Playwright/filmmaker James Gibbs is a Bronx native who has the demeanor of someone who's hung around boxing rings, eternally perplexed by our pop culture, and the solemnity of a hole-in-the wall bar. And he has the scowl to prove it. A prolific dramatist, Gibbs has primarily written for the stage, but over the past couple of years has grown frustrated with the limitations of what the theater can offer him. His Internet radio program, Live on Main Street, is a renegade artwork as a result of the DIY ethos Gibbs respects and adheres to, and it is quietly progressive (if not radical) in the sense that Gibbs has applied the "non-mainstream-corporate-view" of the black experience in North America... and the Last Angry Man in a Smug and rapidly degenerating generation. Although a work in progress, the site is now live. Profile & Interview by Dennis Leroy Kangalee
(Full-disclosure: Dennis Leroy Kangalee was also profiled on James Gibbs' "Live From Main Street" website)Live from Main Street
is a shard of rustic Urbana, Hip-Hop consciousness, and point& un-pretentious social commentary. It is an audio-visual rendering (imagine a radio drama created for and streamed through a website) of a script he wrote about an outspoken, "out-the-box" African American graphic artist named Monty who lets his maverick spirit take hold as he creates a rogue radio show on the web in hopes of giving voice and shedding intellectual light on black people and the maligned -- everywhere. Feisty, funny, and ferocious when he wants to be, Monty is both Everyman and the marginalized Social Commentator whom nobody understands. He is overwhelmed by the lack of consciousness, stupidity, apathy, and greed of humanity. He wants to be one with people, yet detests them. Which puts him in common with his creator.
Here is what Gibbs told us:
“Live from Main Street
was originally written as an episode in a murder mystery anthology series titled Drama Central presents that I was planning to pitch to cable networks. The plan was to shoot Main Street as the pilot episode on digital video and present it with scripts for the upcoming episodes along with a budget for the series. But while shooting the pilot episode I ran into problems with scheduling and casting that drained my shoestring budget. Leaving me with a brilliant idea and not enough money to execute it. I had no money and no television network connections. I didn't know what to do. So I developed it into a theatrical website, a site that would act as a movie or story itself.
The Internet is to the modern day artist what the north was to southern slaves in the 1800's.
I say that because most artists are slaves to industry. What is put out to the public, how it's put out, and when it is put out are dictated by corporate executives with their eyes glued to the bottom line of account statements. I have nothing against making money and I have a pretty good understanding for business, but the entertainment industry has sold whatever soul it had.

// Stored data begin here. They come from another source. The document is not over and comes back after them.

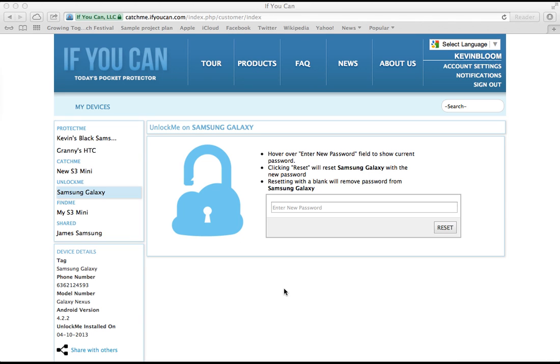Okay, this is the simplest video yet from Catch Me If You Can. In this video, we're going to cover Unlock Me.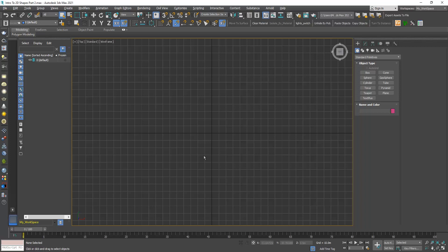Hi, in this tutorial we will continue with the second part of the Intro to 2D Shapes. If you didn't watch the first part, please watch it first, then watch this video. Here we will learn about four types of vertices.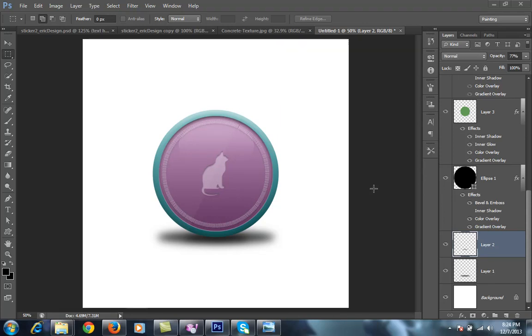Hello friends, this is Arun and welcome to my channel Photoshop Photography Lightroom. Today's tutorial is very special because I am telling you about how to make a 3D icon, circular icon in Photoshop CS6 that is very beautiful and very sleek.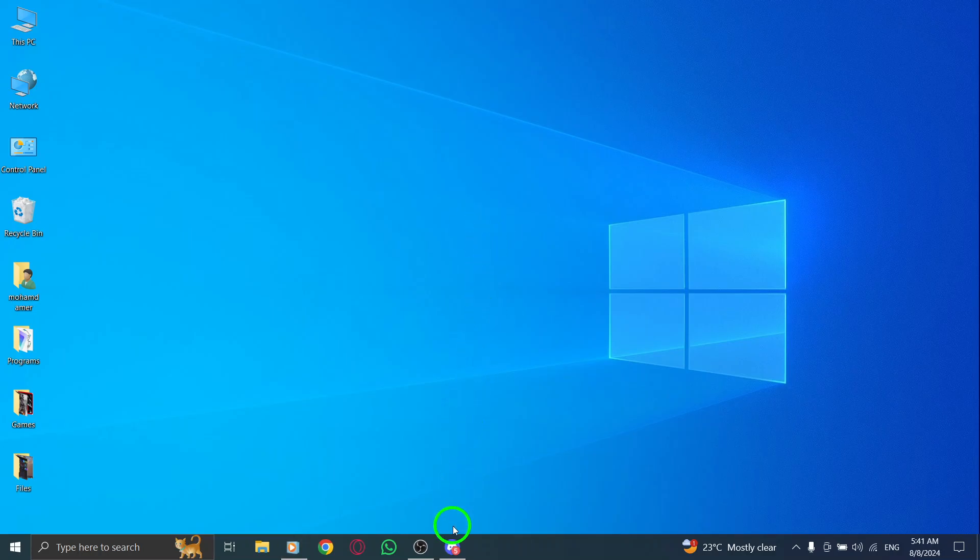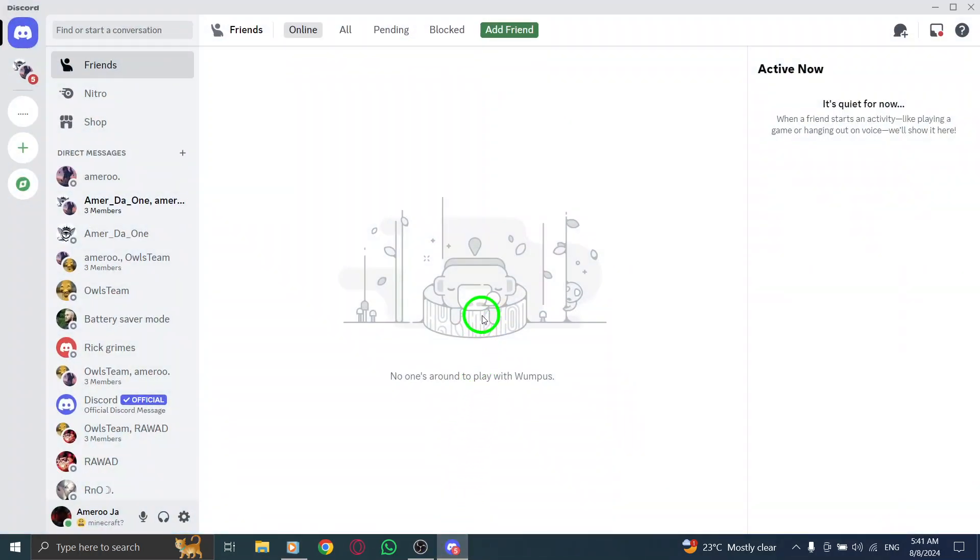First things first. Open up the Discord app on your computer. Whether you're using it for gaming or chatting with friends, your Discord home screen should appear, ready to connect you with your community.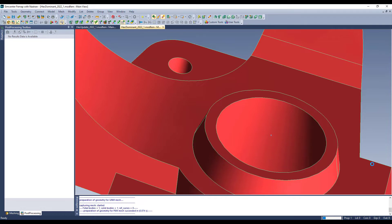The mesher can take a little bit of time. It is a highly parallelized algorithm, so you will hear the processors and the fans fire up on your computer. It will be crunching away pretty hard, but it is doing a fantastic mesh underneath.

And by creating a fictitious radio program and persona, I thought it would be a great hook to get people interested as both an audience member and a participant. The good thing about it is that it has no restrictions in terms of media. I'll be using audio, video, photography, literature, music, etc. The advantages of using a website as a canvas is that it can fit all of these different tools of expression without feeling forced or phony.
Live from Main Street is a forum for thought. I hope that it becomes a platform of relevant discussion for young people who have the ability to change the world.
It will have an interactive blog for people to post their opinions on show topics and interviews. Basically if you want to hear about pertinent issues and thought provoking discussions, come to Main Street, if you don't, then go watch Real Housewives of Atlanta.”